The first instruction that Secretary of State Antony Blinken got from President Biden was to “reset” America’s alliances and partnerships abroad so that the United States could deal with the challenges ahead. That strategy would prove decisive in combating Russia’s aggression against Ukraine.
Blinken and other officials gave me new details this week, describing a series of behind-the-scenes meetings over the past year that helped forge the U.S.-led coalition to support Ukraine….The Biden administration’s secret planning began in April 2021 when Russia massed about 100,000 troops on the Ukrainian border. The buildup turned out to be a feint, but Blinken and other officials discussed U.S. intelligence about Russia’s actions with leaders of Britain, France and Germany at a NATO meeting in Brussels that month. Their message was, “We need to get ourselves prepared,” a senior State Department official said….The Ukraine threat got red-hot in October, when the United States gathered intelligence about a renewed Russian buildup on the border, along with “some detail about what Russian plans for those forces actually were,” Blinken said. This operational detail “was really the eye opener.” The Group of 20 nations were meeting at the end of October in Rome, and Biden pulled aside the leaders of Britain, France and Germany and gave them a detailed readout on the top-secret evidence.
“It was galvanizing enough that there was an agreement … to fleshing out the consequences for Russia if it went ahead with the aggression,” Blinken said….Threatening sanctions can be an empty diplomatic ritual. But in December, Blinken and his colleagues began seriously discussing with allies what steps they would take. The initial venue was a Group of Seven foreign ministers meeting in Liverpool, England, on Dec. 11. The attendees publicly committed that there would be “massive consequences and severe costs,” Blinken remembered. As a result, he said, “when the aggression actually happened, we were able to move immediately.”
NATO military planning accelerated along with the diplomacy. Air Force Gen. Tod Wolters, the NATO commander, told me that his colleagues began preparing in December and January the “ground lines of communication” that would allow rapid shipment of arms into Ukraine. They studied entry points for supplies and other practical details. This weapons pipeline delivered Stinger and Javelin missiles before the invasion began Feb. 24 and has transferred huge numbers of heavier weapons since then.
That narrative is of course deeply misleading. The U.S. did not know of a ‘Russian invasion’. What it knew was that Zelensky, pushed by the U.S., would make another attempt to invade the Donbas republics with overwhelming force and that Russia’s leadership would have to react to such an assault on its compatriots.

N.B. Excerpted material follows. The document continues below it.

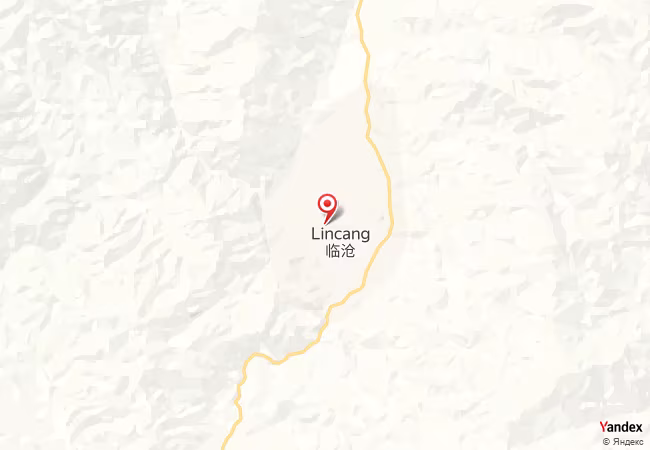 Qibla Map for Lincang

The Ukrainian assault began on February 16 when over several days Ukrainian artillery increased its bombardment of Donbas by a factor of 40. Russia reacted to that and on February 24 preempted the planned ground assault.

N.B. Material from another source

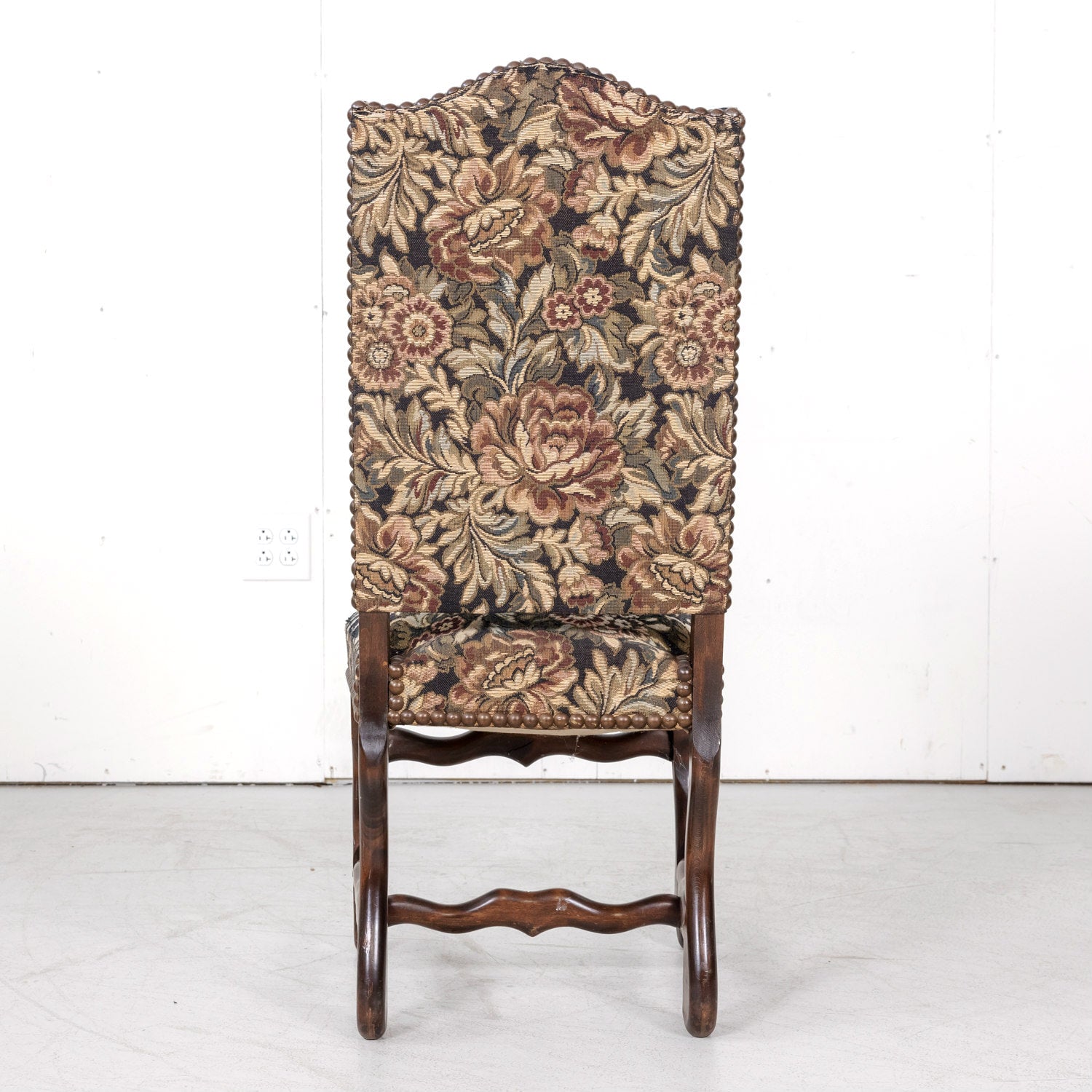 Late 19th Century French Louis XIII Style Os de Mouton Dining Side Chairs, Set of 8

The above part of Biden’s plan to provoke Russia into a war as a means to strengthen the U.S. position in Europe has worked well.
But how long will the coalition of the ‘west’ hold when inflation, energy scarcity and hunger set in? European unity is already falling apart with each country scrambling to fulfill its own energy needs.
Everyone can now see that the Ukraine, and with it the U.S., is losing the war. Meanwhile Russia is doing much better than anyone had expected.
What is Biden’s plan now as things fall apart? Escalating towards a wider war is an option but the risk of it is much higher than potential gains.
Still, for Biden it may be the only way he is willing to go.